For this task, extract exactly the lines of the data below, from the line containing "Dotty - Women's" through the last one, with pictures left out.

Excerpts from a dataset:

════════════════════

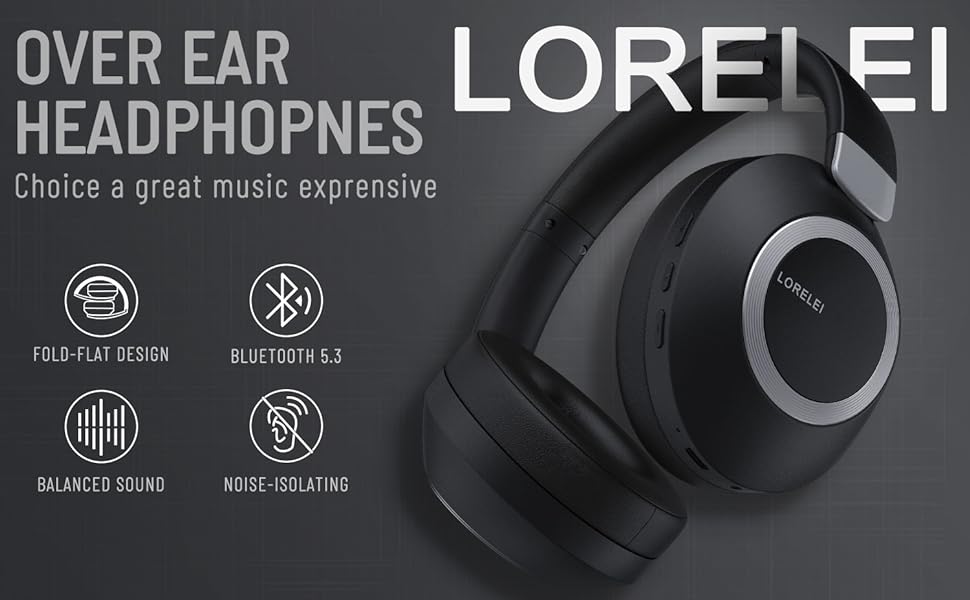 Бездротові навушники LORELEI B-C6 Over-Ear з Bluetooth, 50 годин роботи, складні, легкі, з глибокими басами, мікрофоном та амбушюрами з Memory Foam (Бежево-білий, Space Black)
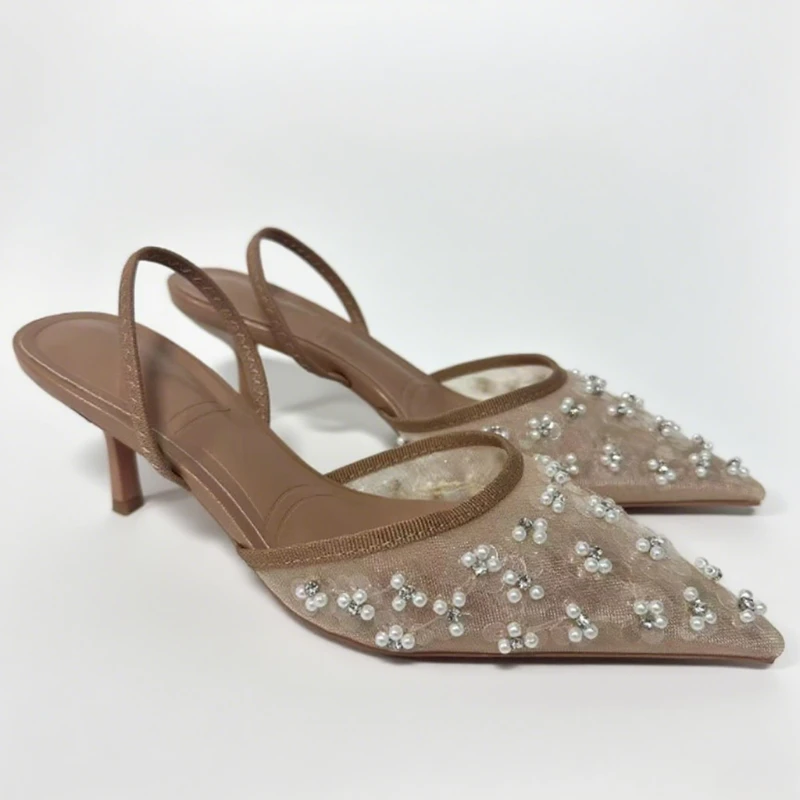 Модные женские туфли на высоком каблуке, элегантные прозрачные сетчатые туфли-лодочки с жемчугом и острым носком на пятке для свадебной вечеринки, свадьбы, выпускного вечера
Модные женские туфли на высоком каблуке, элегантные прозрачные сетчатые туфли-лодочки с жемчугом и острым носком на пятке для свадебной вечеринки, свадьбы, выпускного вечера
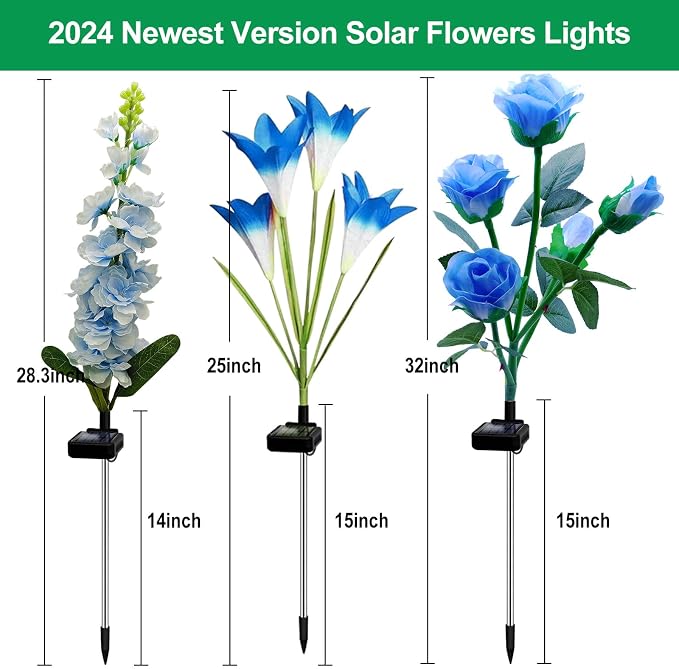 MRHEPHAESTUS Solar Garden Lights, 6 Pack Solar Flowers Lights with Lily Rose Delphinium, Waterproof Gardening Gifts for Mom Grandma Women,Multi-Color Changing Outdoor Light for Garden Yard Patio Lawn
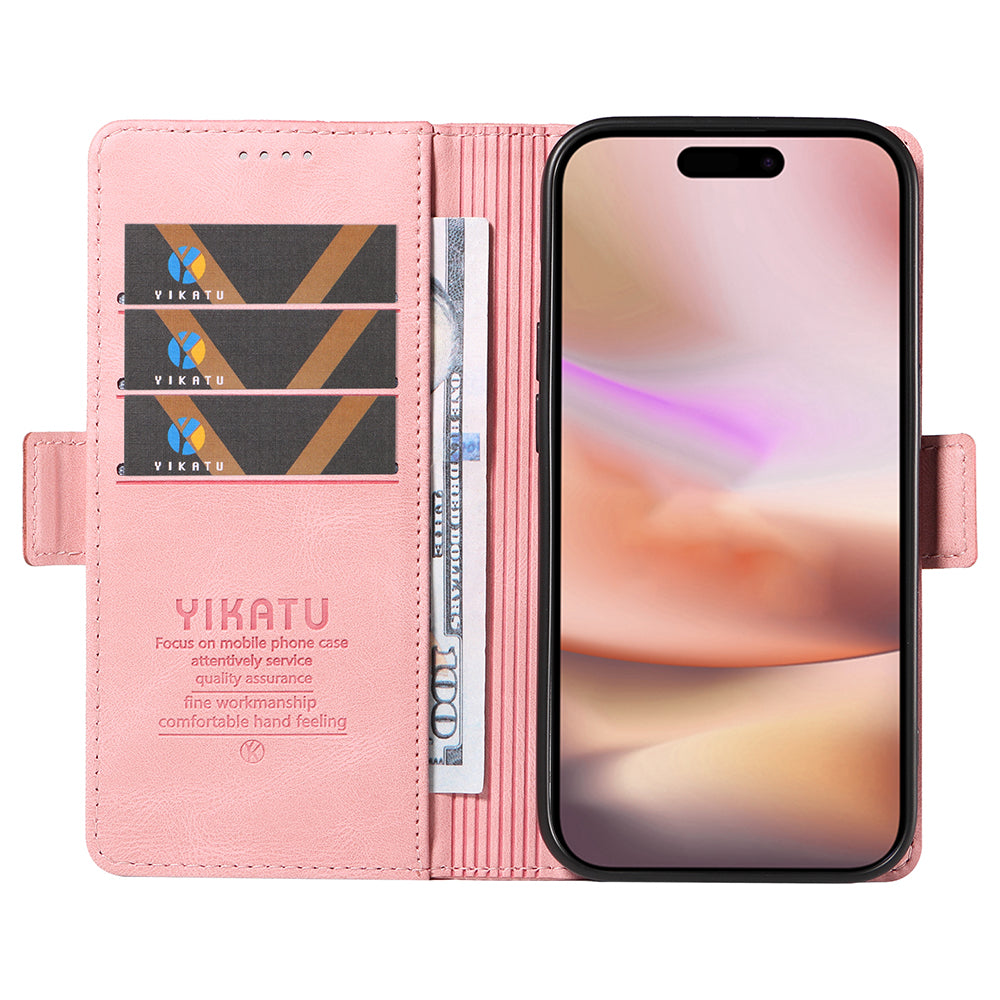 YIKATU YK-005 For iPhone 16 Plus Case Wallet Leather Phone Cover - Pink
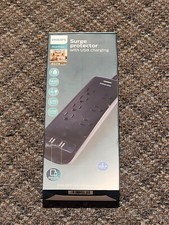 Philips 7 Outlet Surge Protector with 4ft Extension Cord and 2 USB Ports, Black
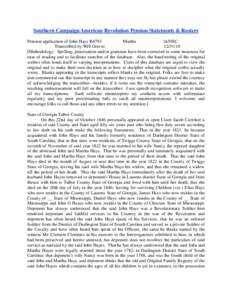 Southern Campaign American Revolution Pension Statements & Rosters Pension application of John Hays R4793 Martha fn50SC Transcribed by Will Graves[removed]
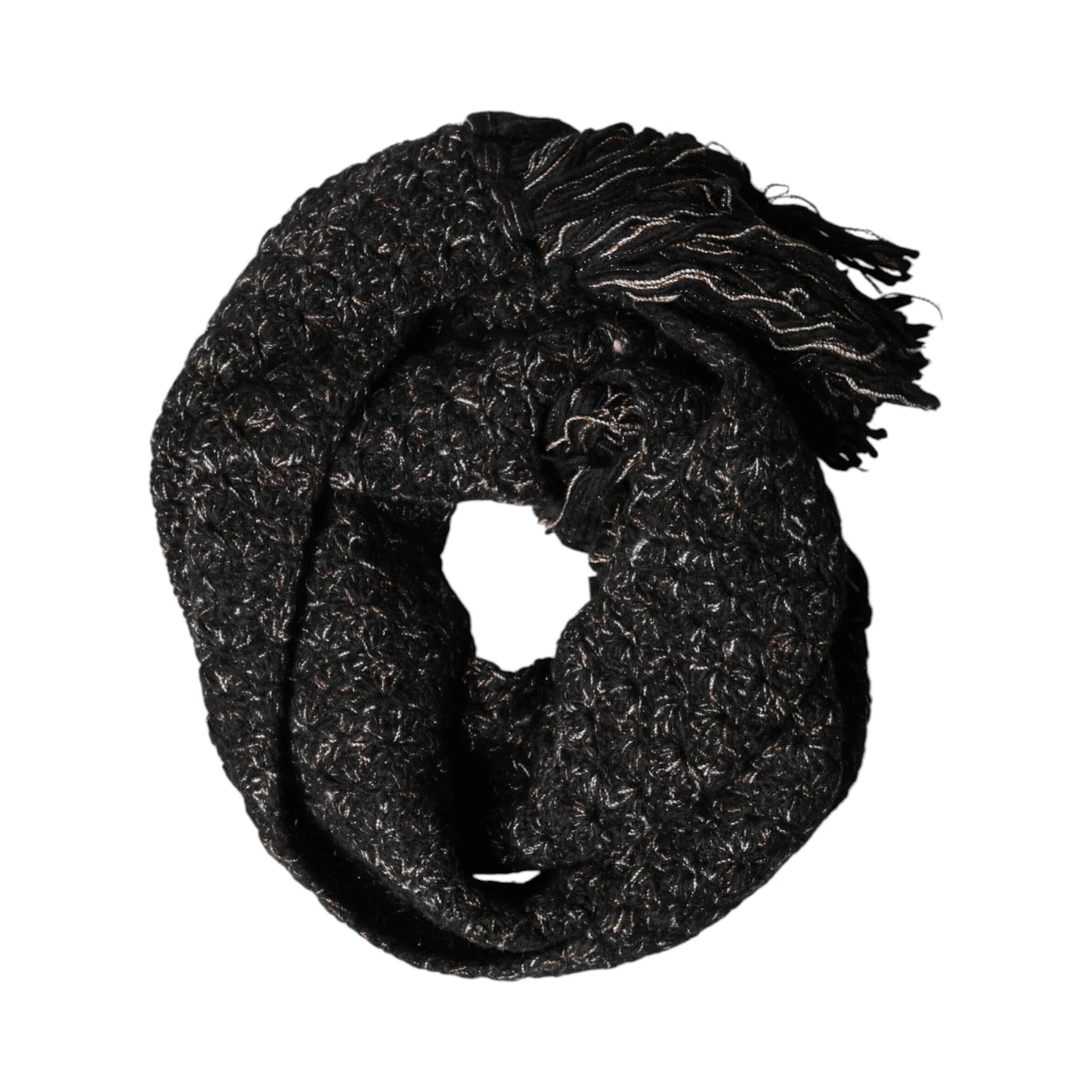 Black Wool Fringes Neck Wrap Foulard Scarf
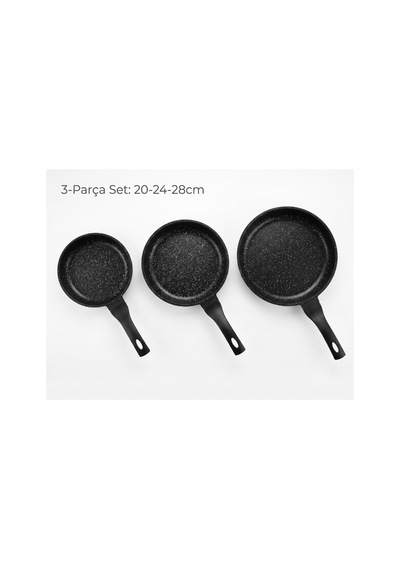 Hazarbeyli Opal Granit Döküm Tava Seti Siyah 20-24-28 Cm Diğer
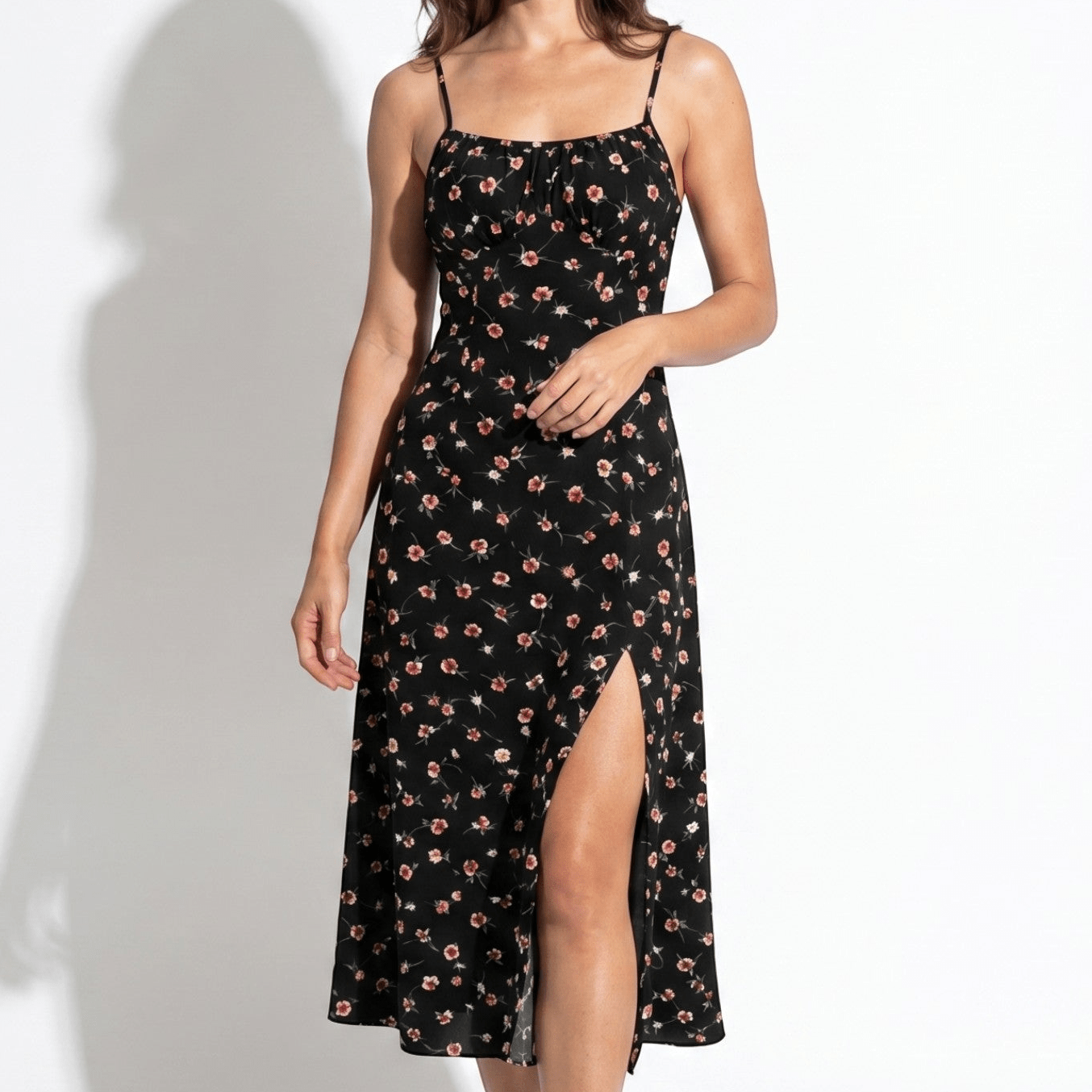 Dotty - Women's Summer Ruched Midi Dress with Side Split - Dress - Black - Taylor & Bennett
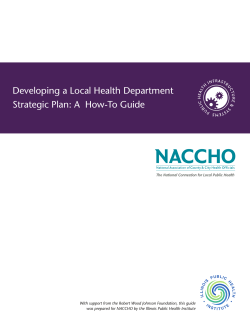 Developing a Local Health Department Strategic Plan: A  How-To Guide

════════════════════

— Written answer —
 Dotty - Women's Summer Ruched Midi Dress with Side Split - Dress - Black - Taylor & Bennett
 Developing a Local Health Department Strategic Plan: A  How-To Guide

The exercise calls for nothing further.